Sometimes I write this stuff down. Sometimes I don't. I will look for it. There can be like ten different ways or more to say heart attack. Again all legit ways. If I find it I will let you know.
Very clearly written. One question - does VAERS foreign report issue mean that a 2023 search will fail to return foreign reports from 2021 or 2022? Or does it mean that those reports are still there, but that there have been no updates?
There isn't a simple answer to this question.
Do you mean a search on CDC Wonder? It is almost completely useless at this point. And it is not very easy either.
A search on OpenVAERS is a lot easier, but I can already see that they are heavily crippled by having to accurately reflect CDC Wonder data, and everything became much harder for them after the EU data purge.
MedAlerts does something interesting, which is like a combination of data from original report plus some updates (I did not fully study it though), so it is probably the search engine which will yield the maximum information which is also up-to-date.
VAERSAware has a more dynamic dashboard based search, but I don't think it is well suited for fast full-text search.
And my Algolia search demos are all based on not-up-to-date information, although they are only intended to be prototypes to help people see the patterns in the data.
If you know SQL you can also get Jetbrains DataGrip and load all the VAERS CSV files into it and use something like postgres to query it.
There isn't one single search engine which can provide comprehensive search at the moment. You need to tie pieces of information together from multiple sources.
So this is interesting but at least one of your assumptions is not necessarily correct. Yes FR reports have much more text, but frequently this is due to repetition. They are populated into the symptom text field twice and sometimes more times. Other times many reports are ganged into one with record, many descriptions. frequently the distinct field info is ganged into the symptom text in FR reports. Finally often the FR reports are from manufacturers making the quality lower not higher.
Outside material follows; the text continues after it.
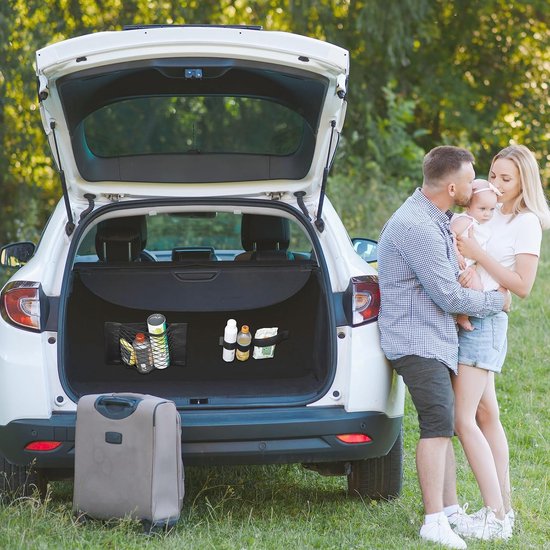 6 stuks kofferbak-organizer-klittenband, kofferbak-nettas, elastische klittenbandbanden, auto-bagagenet, auto-opbergnet, universeel voor auto/SUV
I agree, and in fact this is also why I feel the NLP community has really let everyone down when it comes to VAERS.
I can imagine all of this being reasonably easy to answer if someone created a robust custom spaCy model for parsing VAERS reports. It is not hard to do, but does require significant upfront time investment.
It's very unclear whether this has not already been done with the real dataset.